A Facile and Efficient Approach for the Production of Reversible Disulfide Cross-linked Micelles

Bharadwaj

Lee

2016

JoVE

View full text Add to dashboard Cite

Nanomedicine is an emerging form of therapy that harnesses the unique properties of particles that are nanometers in scale for biomedical application. Improving drug delivery to maximize therapeutic outcomes and to reduce drug-associated side effects are some of the cornerstones of present-day nanomedicine. Nanoparticles in particular have found a wide application in cancer treatment. Nanoparticles that offer a high degree of flexibility in design, application, and production based on the tumor microenvironment are projected to be more effective with rapid translation into clinical practice. The polymeric micellar nano-carrier is a popular choice for drug delivery applications.In this article, we describe a simple and effective protocol for synthesizing drug-loaded, disulfide cross-linked micelles based on the selfassembly of a well-defined amphiphilic linear-dendritic copolymer (telodendrimer, TD).
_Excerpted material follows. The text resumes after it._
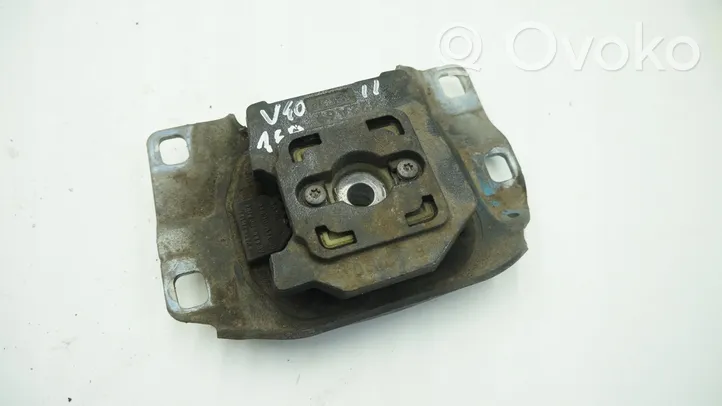 Volvo V40 Supporto di montaggio scatola del cambio AV617M121AB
TD is composed of polyethylene glycol (PEG) as the hydrophilic segment and a thiolated cholic acid cluster as the core-forming hydrophobic moiety attached stepwise to an amine-terminated PEG using solution-based peptide chemistry. Chemotherapy drugs, such as paclitaxel (PTX), can be loaded using a standard solvent evaporation method. The O 2 -mediated oxidation was previously utilized to form intra-micellar disulfide cross-links from free thiol groups on the TDs. However, the reaction was slow and not feasible for large-scale production. Recently, an H 2 O 2 -mediated oxidation method was explored as a more feasible and efficient approach, and it was 96 times faster than the previously reported method. Using this approach, 50 g of PTX-loaded, disulfide crosslinked nanoparticles have been successfully produced with narrow particle size distribution and high drug loading efficiency. The stability of the resulting micelle solution is analyzed using disrupting conditions such as co-incubation with a detergent, sodium dodecyl sulfate, with or without a reducing agent. The drug-loaded, disulfide cross-linked micelles demonstrated less hemolytic activity when compared to their non-cross-linked counterparts.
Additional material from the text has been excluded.